Yaşamları boyunca Yak sütü içmişler

Yaklar, Doğu Avrasya’nın yüksek rakımlı bölgelerindeki insanların kültüründe bugün de çok önemli bir rol oynuyor. Zorlu ortamda yaşam için son derece uygun fiziksel özelliklere sahip hayvanlar, Asya zirvelerinde yaşayan insanlara, yüksek kalorili bir besin kaynağı, sıcak tutan kumaşlar için kalın tüyler ve mum gibi faydalı ürünler yapmak için yağ sağlıyor.

Tibet sığırı diye de bilinen hayvanlar, bugün Hindistan yarımadasında, Tibet Platosu, Kuzey Myanmar, Yunnan, Siçuan ve Moğolistan’la Sibirya‘da yaşıyor ve buralardaki yüksek rakımlı  bölgelerde yaşayan insanların kültüründe çok önemli bir rol oynuyor.

Michigan Üniversitesi‘nden Alicia Ventresca-Miller, “En önemli bulgumuz, bogtog adı verilen bir huş kabuğu şapka ve altın beş pençeli bir ejderhayı tasvir eden ipek cüppelerle gömülmüş seçkin bir kadındı. Proteomik analizlerimiz, onun yaşamı boyunca yak sütü içtiği sonucuna vardı. Bu, bu ikonik hayvanın bölgedeki uzun vadeli kullanımını ve seçkin yöneticilerle bağlarını doğrulamamıza yardımcı oldu” dedi.

Yaklar bugün hala Moğol ve diğer Doğu Avrasya kültürlerinde önemli bir rol oynuyor. Fotoğraf: Alicia Ventresca-Miller

Max Planck İnsan Tarihi Bilimi Enstitüsü ve Moğolistan Ulusal Müzesi‘nden araştırmacı J. Bayarsaikha da “Seramik kaplar, uzun süredir devam eden dini uygulamaları ve Moğol imparatorluğunun seçkinlerinin günlük yaşamını ortaya çıkaran süt ürünlerinden yapılmış fenerlere dönüştürüldü” diye ekledi.

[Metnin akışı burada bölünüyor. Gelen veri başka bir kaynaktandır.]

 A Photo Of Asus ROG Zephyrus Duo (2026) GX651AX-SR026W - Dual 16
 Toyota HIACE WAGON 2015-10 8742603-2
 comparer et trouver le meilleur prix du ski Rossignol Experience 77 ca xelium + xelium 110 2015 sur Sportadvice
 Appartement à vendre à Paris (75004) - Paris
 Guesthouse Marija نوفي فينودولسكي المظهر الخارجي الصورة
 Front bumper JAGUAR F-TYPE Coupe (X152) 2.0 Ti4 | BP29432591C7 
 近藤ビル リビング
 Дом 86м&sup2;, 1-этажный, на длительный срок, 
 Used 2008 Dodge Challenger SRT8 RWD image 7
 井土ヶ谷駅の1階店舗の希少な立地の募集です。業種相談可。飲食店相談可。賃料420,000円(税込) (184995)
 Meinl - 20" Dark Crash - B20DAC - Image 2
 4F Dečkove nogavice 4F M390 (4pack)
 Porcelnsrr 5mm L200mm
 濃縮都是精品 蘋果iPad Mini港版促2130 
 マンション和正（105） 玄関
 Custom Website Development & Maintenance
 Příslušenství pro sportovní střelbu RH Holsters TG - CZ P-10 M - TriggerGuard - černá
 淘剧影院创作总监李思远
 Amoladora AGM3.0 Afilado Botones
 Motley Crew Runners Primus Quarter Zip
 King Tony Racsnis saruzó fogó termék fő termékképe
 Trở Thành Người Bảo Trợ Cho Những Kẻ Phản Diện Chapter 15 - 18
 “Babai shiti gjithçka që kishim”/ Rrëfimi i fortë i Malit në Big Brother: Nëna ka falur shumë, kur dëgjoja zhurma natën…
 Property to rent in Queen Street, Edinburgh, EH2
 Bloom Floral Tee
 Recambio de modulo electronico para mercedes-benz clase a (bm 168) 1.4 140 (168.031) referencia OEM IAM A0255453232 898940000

Eriyen permafrost, bilim insanlarının bu tür heyecan verici keşifler yapmasına neden olsa da hem bölgede yaşayan insan ve hayvanların yaşamını hem de tarihi kalıntıları yağmalanmaya karşı daha savunmasız bırakıyor. Sıcaklıklar, şimdi olduğu gibi yükselmeye devam ederse ve permafrost daha da bozulursa, hem buradaki hem de diğer bölgelerdeki donmuş arkeolojik kalıntıların gerektiği gibi değerlendirelemeden yok olması riski de bulunuyor.